Problem 1. In the plane, three distinct fleas with integer coordinates are given. At every tick of time, two fleas sitting at the points $P$ and $Q$ can jump to two vacant points $R$ and $S$, such that $PQRS$ is a square (in that order of vertices). If three initial coordinates of fleas are $(0, 0)$, $(2, 0)$ and $(4, 1)$, prove that fleas can never become collinear.
More generally, find the set of all possible values missed by $2S$, where $S$ is the area of a triangle spanned by three fleas.
I intended to proposed the first part of this problem to IMO, but it turns to be too complicated.
Comments. Let $\alpha, \beta, \gamma$ be side lengths of a lattice triangle, $a=(\beta^2+\gamma^2-\alpha^2)/2$, $b=(\gamma^2+\alpha^2-\beta^2)/2$, $c=(\alpha^2+\beta^2-\gamma^2)/2$, and $s=2S$ (we also keep track of the sign of $s$).
The relation between these integers is given by $s^2=ab+ac+bc$. The jump of two fleas translates into the language of quadruples $(s;a,b,c)$ as one of six transformations
$(s;a,b,c)\rightarrow (s+b+c;a+b+c+2s,b,c)$,
$(s;a,b,c)\rightarrow (s-b-c;a+b+c-2s,b,c)$,
and 4 cyclic ones. We start from the collection $(2; 8, 9, -4)$. With MAPLE I was able to calculate that, for example, only these values of $|s|\leq 20000$ can possibly be missed:
$0, 1, 4, 5, 9, 11, 16, 25, 29, 35, 41, 55, 60, 64, 65, 80, 89, 101, 109, 125, 171, 191, 229, 275, 295, 299, 301, 315, 316, 336, 365, 380, 405, 476, 589, 595, 624, 635, 671, 689, 1055, 1109, 1225, 1495, 1955, 2171, 2215, 2315, 2699, 2761, 5225, 7471, 7555, 11365, 14845.$
Yet, I was not able to advance any further. At the moment, I am still not able to rigorously demonstrate that the given three points can never become collinear. In other words, that $0$ is indeed a member of the above sequence.

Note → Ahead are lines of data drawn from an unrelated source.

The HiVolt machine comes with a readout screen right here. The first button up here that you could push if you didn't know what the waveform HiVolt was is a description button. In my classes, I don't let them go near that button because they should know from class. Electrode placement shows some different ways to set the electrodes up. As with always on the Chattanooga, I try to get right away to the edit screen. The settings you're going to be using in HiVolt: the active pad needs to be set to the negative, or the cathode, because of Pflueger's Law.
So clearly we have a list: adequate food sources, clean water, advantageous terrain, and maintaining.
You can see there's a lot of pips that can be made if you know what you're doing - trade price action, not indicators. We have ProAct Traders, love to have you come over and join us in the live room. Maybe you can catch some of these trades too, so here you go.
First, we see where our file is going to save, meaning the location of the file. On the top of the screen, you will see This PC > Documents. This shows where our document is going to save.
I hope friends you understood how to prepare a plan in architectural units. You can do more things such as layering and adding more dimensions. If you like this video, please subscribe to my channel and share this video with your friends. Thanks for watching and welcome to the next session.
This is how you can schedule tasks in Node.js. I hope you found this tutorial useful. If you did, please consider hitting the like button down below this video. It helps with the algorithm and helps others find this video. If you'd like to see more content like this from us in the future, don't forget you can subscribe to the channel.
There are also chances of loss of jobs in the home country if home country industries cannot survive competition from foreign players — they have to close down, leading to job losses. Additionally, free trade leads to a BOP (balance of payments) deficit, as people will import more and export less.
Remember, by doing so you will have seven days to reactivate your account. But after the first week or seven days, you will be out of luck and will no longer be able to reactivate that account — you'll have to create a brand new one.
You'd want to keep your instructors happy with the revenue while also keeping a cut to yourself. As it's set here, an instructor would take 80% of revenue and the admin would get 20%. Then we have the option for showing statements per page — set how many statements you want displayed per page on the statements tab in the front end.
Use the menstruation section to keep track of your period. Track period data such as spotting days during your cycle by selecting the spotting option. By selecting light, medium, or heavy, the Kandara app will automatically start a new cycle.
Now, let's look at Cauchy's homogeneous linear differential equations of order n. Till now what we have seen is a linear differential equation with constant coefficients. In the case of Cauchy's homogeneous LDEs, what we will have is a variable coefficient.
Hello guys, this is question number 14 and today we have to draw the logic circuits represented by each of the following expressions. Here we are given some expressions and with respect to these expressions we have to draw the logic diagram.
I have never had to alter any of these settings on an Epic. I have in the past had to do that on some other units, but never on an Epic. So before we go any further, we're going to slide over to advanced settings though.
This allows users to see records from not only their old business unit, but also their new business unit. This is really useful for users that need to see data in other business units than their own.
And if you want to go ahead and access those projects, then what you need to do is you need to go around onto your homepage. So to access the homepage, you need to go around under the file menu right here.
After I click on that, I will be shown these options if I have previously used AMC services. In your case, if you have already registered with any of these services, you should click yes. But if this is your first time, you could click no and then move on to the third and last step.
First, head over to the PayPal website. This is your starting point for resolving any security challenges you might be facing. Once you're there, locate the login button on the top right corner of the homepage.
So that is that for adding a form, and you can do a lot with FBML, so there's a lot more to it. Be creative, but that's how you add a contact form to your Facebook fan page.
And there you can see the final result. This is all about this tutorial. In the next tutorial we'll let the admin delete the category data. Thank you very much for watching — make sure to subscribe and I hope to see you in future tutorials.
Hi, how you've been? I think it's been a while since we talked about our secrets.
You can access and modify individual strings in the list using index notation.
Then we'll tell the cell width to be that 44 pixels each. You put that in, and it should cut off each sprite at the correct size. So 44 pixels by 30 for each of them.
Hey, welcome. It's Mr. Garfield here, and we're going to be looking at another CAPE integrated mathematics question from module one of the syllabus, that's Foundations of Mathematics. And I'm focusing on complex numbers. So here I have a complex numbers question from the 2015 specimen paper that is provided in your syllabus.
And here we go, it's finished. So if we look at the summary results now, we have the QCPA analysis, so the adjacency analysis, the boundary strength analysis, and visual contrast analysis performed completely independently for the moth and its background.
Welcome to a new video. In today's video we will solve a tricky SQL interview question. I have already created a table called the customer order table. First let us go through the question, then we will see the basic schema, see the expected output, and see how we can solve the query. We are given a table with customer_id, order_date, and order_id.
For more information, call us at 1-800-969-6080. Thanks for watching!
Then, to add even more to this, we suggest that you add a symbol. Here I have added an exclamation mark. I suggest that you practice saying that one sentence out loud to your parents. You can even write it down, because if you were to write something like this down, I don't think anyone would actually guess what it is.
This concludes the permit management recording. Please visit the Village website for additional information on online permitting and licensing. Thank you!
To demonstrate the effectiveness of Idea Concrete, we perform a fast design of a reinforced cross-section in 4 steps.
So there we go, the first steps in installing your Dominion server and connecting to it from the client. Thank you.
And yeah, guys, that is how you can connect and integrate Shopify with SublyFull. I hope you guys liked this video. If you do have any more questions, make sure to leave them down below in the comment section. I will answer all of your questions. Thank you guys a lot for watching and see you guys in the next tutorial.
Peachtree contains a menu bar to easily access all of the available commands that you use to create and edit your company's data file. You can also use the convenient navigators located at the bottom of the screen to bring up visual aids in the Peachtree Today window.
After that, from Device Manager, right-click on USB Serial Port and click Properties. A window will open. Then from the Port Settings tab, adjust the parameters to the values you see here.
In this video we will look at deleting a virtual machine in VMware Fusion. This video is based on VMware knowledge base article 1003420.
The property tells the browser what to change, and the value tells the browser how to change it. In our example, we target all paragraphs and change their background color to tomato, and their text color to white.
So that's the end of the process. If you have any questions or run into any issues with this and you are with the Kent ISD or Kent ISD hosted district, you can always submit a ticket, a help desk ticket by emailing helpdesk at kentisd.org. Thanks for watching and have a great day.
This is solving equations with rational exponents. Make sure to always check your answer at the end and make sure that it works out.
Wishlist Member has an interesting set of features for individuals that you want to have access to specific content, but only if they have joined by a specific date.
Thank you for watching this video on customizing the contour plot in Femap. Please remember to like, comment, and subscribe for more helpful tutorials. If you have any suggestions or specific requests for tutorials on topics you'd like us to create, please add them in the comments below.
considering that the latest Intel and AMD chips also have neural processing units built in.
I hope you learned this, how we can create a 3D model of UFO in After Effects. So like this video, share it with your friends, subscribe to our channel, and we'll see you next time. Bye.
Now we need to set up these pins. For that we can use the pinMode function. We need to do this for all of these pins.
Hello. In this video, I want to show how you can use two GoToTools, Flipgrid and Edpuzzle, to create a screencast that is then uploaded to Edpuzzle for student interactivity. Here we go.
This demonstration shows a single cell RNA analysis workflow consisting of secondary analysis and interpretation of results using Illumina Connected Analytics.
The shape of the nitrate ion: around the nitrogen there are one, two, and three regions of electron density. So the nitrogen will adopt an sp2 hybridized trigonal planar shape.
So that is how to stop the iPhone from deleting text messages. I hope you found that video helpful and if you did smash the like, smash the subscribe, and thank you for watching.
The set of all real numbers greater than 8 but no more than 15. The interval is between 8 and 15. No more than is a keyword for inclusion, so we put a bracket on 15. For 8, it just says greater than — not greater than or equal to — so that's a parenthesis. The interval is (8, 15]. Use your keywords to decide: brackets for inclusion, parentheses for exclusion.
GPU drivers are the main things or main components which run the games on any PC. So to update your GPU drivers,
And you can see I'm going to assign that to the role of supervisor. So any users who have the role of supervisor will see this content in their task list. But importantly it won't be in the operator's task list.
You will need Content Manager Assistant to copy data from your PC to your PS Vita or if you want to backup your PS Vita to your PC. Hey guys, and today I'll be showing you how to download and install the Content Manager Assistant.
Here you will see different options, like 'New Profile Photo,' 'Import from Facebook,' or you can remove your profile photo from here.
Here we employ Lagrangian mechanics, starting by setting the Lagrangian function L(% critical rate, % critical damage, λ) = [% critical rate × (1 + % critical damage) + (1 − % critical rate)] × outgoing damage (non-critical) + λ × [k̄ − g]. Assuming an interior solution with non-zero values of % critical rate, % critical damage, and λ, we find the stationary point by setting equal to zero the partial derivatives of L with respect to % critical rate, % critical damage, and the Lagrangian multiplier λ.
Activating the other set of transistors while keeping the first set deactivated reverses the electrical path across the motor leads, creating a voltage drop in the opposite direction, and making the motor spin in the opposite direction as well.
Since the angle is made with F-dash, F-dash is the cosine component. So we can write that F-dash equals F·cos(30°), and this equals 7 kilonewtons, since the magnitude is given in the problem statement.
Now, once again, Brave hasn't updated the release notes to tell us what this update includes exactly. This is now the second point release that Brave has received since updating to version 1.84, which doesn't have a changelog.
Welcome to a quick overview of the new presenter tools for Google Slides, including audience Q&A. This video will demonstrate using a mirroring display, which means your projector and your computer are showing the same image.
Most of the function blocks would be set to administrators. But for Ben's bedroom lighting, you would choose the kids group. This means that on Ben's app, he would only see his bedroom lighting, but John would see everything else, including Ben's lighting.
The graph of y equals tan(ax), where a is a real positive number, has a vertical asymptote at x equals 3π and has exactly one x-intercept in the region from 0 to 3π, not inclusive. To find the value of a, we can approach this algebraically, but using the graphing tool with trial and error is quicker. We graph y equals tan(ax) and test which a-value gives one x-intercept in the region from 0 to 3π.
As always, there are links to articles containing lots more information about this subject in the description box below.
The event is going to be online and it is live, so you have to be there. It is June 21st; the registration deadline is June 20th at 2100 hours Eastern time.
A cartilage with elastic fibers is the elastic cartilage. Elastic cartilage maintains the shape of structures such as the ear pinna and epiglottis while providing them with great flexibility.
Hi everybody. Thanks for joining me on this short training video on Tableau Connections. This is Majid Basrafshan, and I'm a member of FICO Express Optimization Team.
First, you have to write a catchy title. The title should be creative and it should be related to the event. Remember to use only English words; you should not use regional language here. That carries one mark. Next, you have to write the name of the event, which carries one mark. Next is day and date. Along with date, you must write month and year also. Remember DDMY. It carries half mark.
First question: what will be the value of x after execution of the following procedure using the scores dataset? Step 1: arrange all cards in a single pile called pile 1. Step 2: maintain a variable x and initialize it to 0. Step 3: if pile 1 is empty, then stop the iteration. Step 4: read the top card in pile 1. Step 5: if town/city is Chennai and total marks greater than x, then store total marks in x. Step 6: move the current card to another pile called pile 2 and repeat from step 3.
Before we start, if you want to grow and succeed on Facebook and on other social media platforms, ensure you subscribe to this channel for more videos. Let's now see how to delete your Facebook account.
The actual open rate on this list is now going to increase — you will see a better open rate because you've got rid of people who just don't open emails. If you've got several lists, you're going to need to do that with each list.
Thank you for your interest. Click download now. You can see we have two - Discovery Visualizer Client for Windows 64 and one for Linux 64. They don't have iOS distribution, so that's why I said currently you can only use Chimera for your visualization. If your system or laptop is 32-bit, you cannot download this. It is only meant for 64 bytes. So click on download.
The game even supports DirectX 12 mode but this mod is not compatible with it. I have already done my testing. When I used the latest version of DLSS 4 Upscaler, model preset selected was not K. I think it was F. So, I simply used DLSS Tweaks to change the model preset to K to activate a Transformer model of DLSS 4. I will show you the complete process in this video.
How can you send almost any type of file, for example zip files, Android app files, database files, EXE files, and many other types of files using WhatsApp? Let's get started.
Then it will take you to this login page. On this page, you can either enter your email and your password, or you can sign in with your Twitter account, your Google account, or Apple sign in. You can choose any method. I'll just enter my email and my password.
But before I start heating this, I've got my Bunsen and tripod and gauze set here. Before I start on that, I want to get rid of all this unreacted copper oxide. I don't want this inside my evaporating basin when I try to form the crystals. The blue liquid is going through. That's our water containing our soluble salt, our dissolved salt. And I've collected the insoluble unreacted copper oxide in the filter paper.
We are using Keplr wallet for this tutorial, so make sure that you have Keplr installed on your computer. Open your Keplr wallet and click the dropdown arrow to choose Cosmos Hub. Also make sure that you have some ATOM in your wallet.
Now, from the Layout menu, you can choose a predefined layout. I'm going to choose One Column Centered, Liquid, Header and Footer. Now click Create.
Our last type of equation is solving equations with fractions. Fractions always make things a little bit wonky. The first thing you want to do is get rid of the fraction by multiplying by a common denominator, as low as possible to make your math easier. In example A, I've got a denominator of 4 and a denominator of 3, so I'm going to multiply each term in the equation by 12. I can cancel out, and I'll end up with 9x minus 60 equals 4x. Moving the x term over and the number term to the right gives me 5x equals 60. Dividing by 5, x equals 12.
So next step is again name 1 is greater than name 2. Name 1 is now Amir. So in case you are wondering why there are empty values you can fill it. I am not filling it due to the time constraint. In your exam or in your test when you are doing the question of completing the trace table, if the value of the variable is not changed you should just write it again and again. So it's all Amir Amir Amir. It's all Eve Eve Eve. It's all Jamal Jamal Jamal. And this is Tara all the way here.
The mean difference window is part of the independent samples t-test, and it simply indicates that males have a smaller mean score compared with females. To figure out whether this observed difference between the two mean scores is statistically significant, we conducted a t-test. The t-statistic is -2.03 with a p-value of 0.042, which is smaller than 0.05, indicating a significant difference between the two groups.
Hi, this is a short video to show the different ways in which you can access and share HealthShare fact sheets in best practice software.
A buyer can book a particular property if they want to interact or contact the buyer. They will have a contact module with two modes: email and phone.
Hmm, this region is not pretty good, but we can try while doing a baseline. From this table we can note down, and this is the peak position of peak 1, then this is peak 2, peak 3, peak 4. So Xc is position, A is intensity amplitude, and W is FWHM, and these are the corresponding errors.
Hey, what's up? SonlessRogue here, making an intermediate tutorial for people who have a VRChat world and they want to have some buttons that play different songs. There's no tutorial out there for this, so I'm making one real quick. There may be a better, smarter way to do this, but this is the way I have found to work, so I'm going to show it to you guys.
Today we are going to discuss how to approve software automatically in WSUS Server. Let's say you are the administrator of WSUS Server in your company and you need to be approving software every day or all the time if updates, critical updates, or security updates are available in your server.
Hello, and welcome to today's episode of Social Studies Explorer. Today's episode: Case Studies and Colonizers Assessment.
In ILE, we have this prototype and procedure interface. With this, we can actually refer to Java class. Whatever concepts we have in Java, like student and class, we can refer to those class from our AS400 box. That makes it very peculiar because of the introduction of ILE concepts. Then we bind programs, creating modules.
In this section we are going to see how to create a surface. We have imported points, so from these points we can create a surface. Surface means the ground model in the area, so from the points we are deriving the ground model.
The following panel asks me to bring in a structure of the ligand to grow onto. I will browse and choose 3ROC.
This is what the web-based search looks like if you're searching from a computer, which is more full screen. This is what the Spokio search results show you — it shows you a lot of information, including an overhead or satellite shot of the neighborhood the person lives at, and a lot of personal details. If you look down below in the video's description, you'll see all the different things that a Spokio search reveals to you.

Addition 1. The sequence written above is obtained by the following procedure. Computer calculates $g$ generations of these $6$ transformations. If we work with arrays, the total number of configurations in the $g$-th generation would be $6^g$. In MAPLE though, it is much faster to work with sets due to considerable overlap, as well as the fact some transformations take backwards. Thus, $10$ generations were calculated (it took several hours, but optimization is still possible in order to push this to $12$ or $13$ generations).
Second, consider, for example, an ordinary member $(s; a, b, c)=(-37; 9, 20, 41)$ of the third generation. The transformations show that not only $s=-37$ is attainable value for $s$, but also all $s$ such that $s\equiv -37\equiv 21\text{ (mod }29)$, $s\equiv-37\equiv 13\text{ (mod }50)$, or $s\equiv -37\equiv 24\text{ (mod }61)$. We thus can filter out not only terms of the given generation, but all the corresponding arithmetic progressions.
And third, terms of the above sequence seem to stabilize rather quickly. For example, for $g\geq 7$ (it takes only several seconds to compute) all terms of the above sequence with terms $\leq 1000$ stabilize. It gives a true belief that $s=0$ is not possible, and that the majority of the numbers written are truly not possible values for $s$.
Addition 2 (a small progress). We may start from an even more compact triple of points, for which the answer is not trivial. In particular, consider $(0,0)$, $(2,1)$ and $(3,2)$ (the diameter is $\sqrt{13}$, as compared to $\sqrt{17}$ for the initial example). This corresponds to the quadruple $(s; a,b,c)=$ $(1; -3,5,8)$. We calculate also $10$ generations. All missed $s$ are even, and the list of missed $S=s/2\leq 1000$ is as follows:
$0, 1, 4, 5, 9, 16, 25, 29, 36, 49, 64, 80, 81, 99, 100, 121, 144, 169, 179, 196, 225, 256, 289, 324, 361, 400, 441, 484, 529, 576, 625, 676, 729, 784, 841, 900, 961.$
But these are exactly integer squares, apart from five sporadic terms $5, 29, 80, 99, 179$.
Problem 2. Prove that, if we start from the points $(0,0)$, $(2,1)$ and $(3,2)$, then three fleas never span a triangle of area $N^2$, $N\in\mathbb{N}\cup\{0\}$.
It is not clear will sporadic values will eventually filter out, or these are truly sporadic ones.